通常、住民投票を実施するには、国の地方自治法に基づき、市民が自治体の有権者の50分の1以上の署名を集め、市に請求する必要があります。一方、札幌市では2006年、自治基本条例が成立。同条例は〈市は、市政に関する重要な事項について、住民の意思を確認するため(中略)住民投票を実施することができる〉と規定しています。つまり、秋元市長は「市政に関する重要な事項」である五輪招致について、住民投票を実施できる立場にあるわけです。ところが、全く動こうとしない。これは、条例違反であると指摘せざるを得ません。
──市長は五輪招致を「市政に関する重要な事項」とは考えていないというわけですね。
同条例の見直しなどには私も2度ほど携わっており、当該条例の策定当時に議論されていたのは「自分たちのことは自分たちで決める」「市民のことは市民で決める」という理念です。住民投票実施に消極的な秋元市長の姿勢は、明らかに条例の趣旨に反しています。市民の意思を正確に把握しないまま招致を進めることは許されません。

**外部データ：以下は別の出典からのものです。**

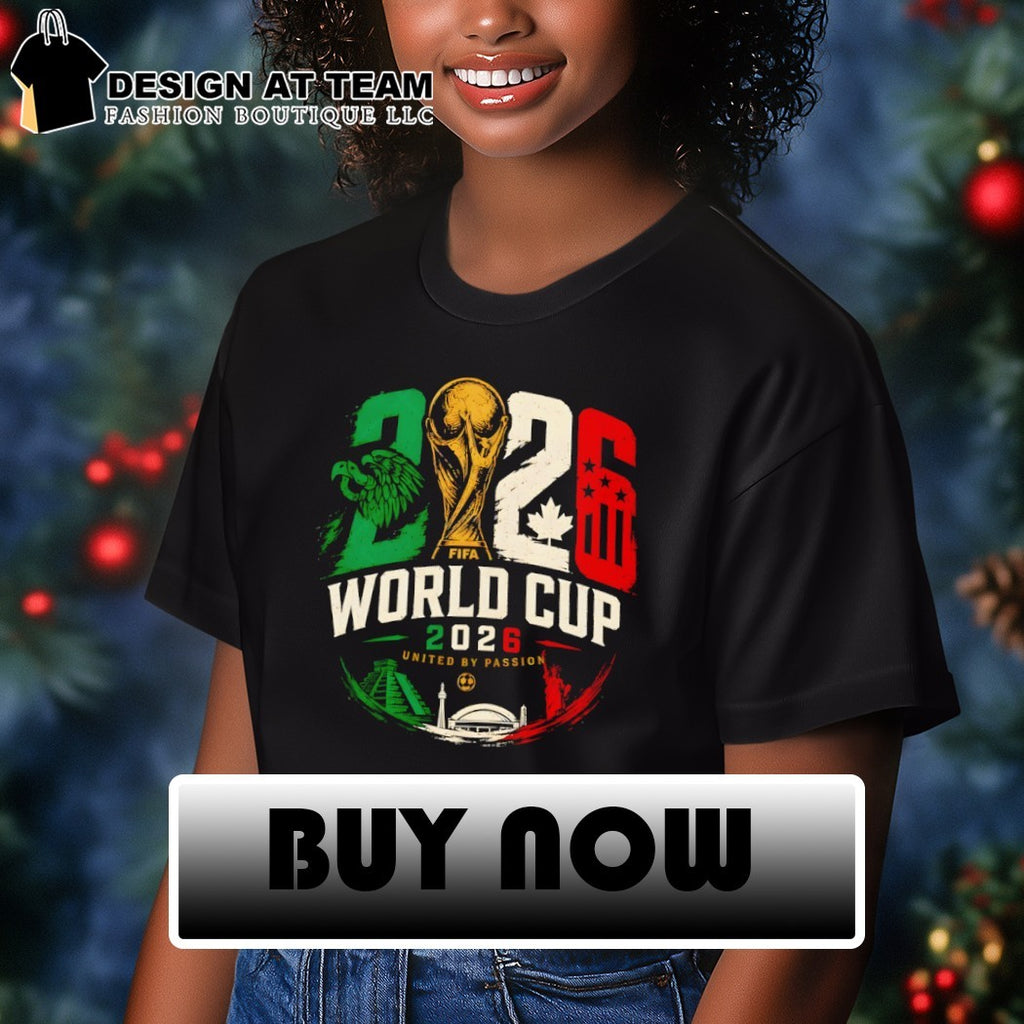Soccer Eagle Pyramid Stadium Statue 2026 World Cup United By Passion shirt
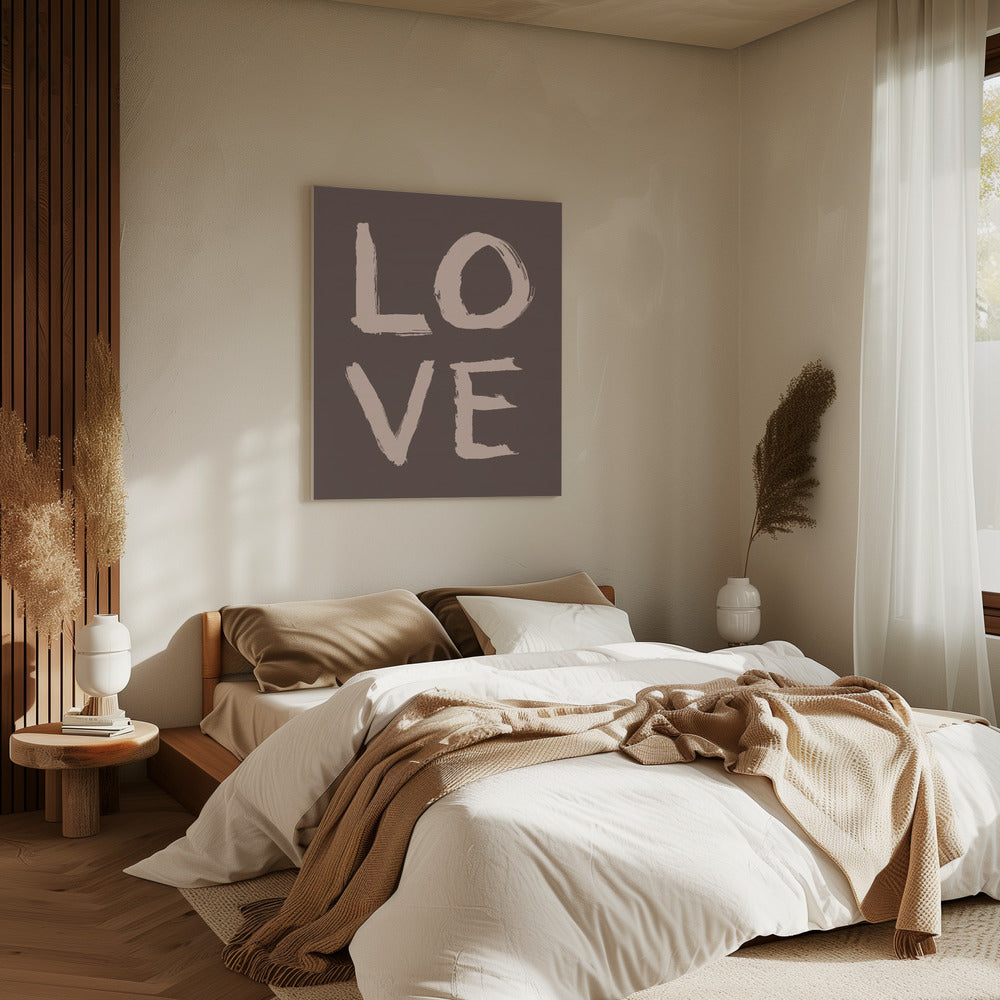 Toothy Love Kaffeequarz 1 | Leinwand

──確かに、市の意向調査は一部市民へのアンケートであり、「参考」という程度の位置づけでした。市民が意思表示する機会は当然必要ですね。特に、汚職事件の発覚後、市民の感情も変わってきているはずです。
市民は「事件が世間を揺るがしているのに、なぜ札幌市は招致をやめないのか」と疑問を抱いていると思います。私が半年ほど前に始めた「札幌冬季五輪の招致プロセスに『住民投票』を求めます!」というネット署名は、最初のうちは数百人程度しか集まりませんでしたが、事件発覚後の現在は1万7000筆に達しております。
──大会そのものについては、開催経費の膨張も問題視されました。
札幌市は開催経費について、2800億~3000億円とする試算を公表しています。うち、会場などの施設整備費が800億円。その中の450億円を市の負担としていますが、現在、ロシアによるウクライナ侵攻の影響で資材価格が高騰していますから、この程度で済むとは思えません。さらに問題なのは、2000億~2200億円としている大会運営費。市は原則、スポンサー収入などで賄うと言っていますが、東京五輪のスポンサー契約を巡る汚職が発覚し、逮捕者が続出する中、手を挙げる企業がいるとは到底思えません。
──東京五輪の開催経費は、招致段階で7000億円と試算されましたが、結果的に1.6兆円に膨張。関連経費まで含めると3兆~4兆円に上ると指摘されています。やはり札幌五輪の開催コストも雪だるま式に増えていくかもしれません。
直近の冬季3大会の経費については、14年ソチが5兆円、18年平昌は1.4兆円、22年北京は4兆円と指摘されています。札幌大会が2800億円程度で済むでしょうか。資材高騰など、もろもろの状況を踏まえると、1兆円程度はかかるとみています。